• **Work task**:
In the entries that follow, the line with "Paco rabanne Velvet Pants in Burgundy" opens the range and the line with "Anello a grappolo" closes it; repeat that range exactly, both lines included.

• **Source material**:

+ + + + + + +

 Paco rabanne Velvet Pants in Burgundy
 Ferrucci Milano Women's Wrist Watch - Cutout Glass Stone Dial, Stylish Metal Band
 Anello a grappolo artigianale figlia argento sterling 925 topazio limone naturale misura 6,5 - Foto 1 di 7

+ + + + + + +

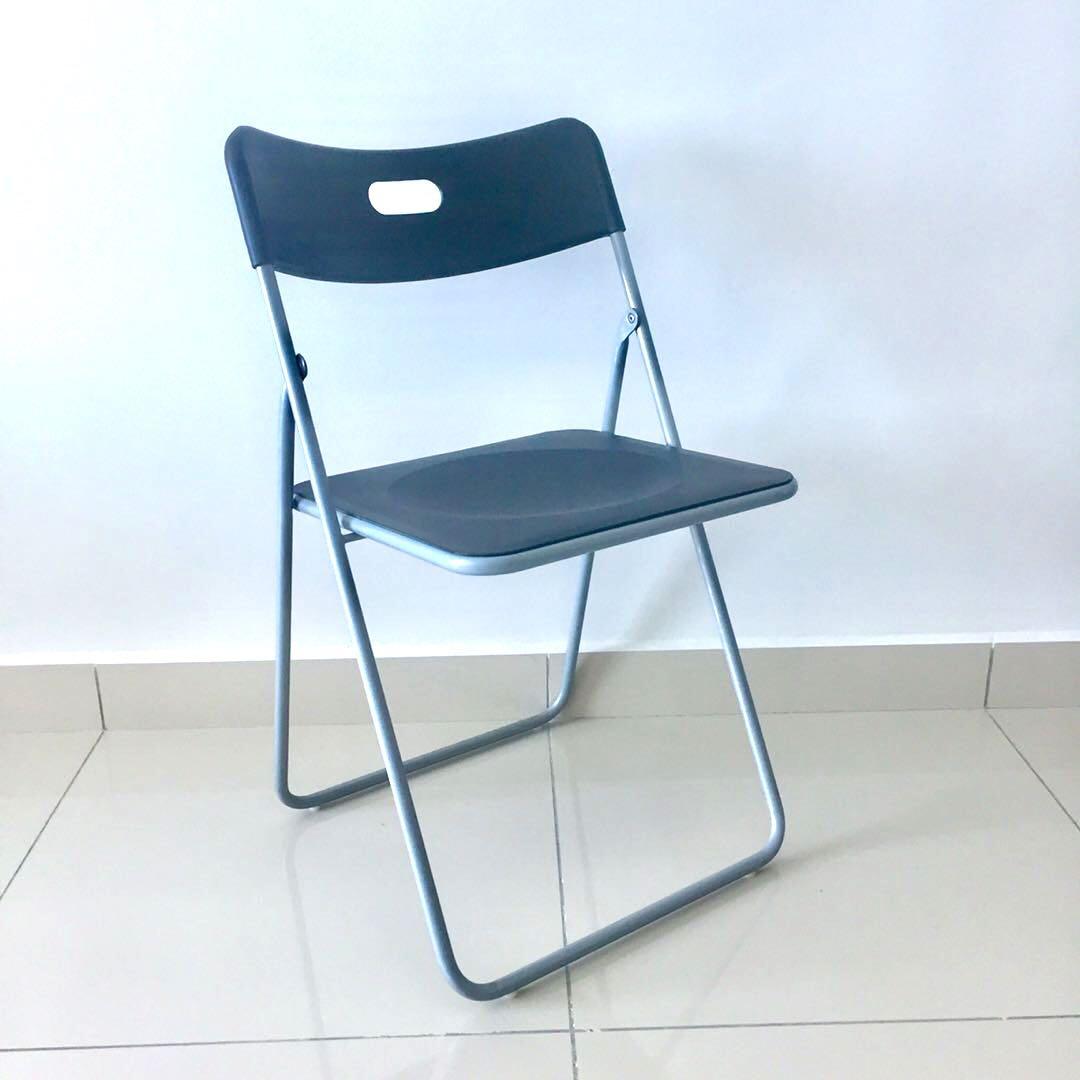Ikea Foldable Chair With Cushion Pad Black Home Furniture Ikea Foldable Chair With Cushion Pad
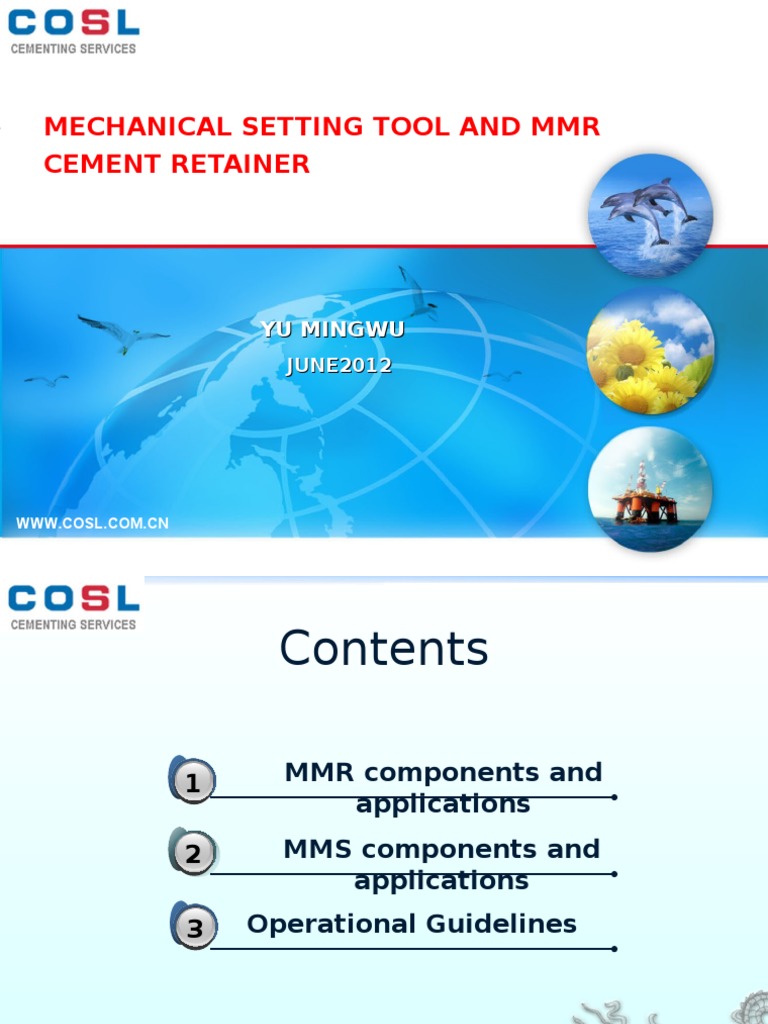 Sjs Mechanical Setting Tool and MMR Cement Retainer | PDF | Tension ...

+ + + + + + +

• **Completed task**:
 Paco rabanne Velvet Pants in Burgundy
 Ferrucci Milano Women's Wrist Watch - Cutout Glass Stone Dial, Stylish Metal Band
 Anello a grappolo artigianale figlia argento sterling 925 topazio limone naturale misura 6,5 - Foto 1 di 7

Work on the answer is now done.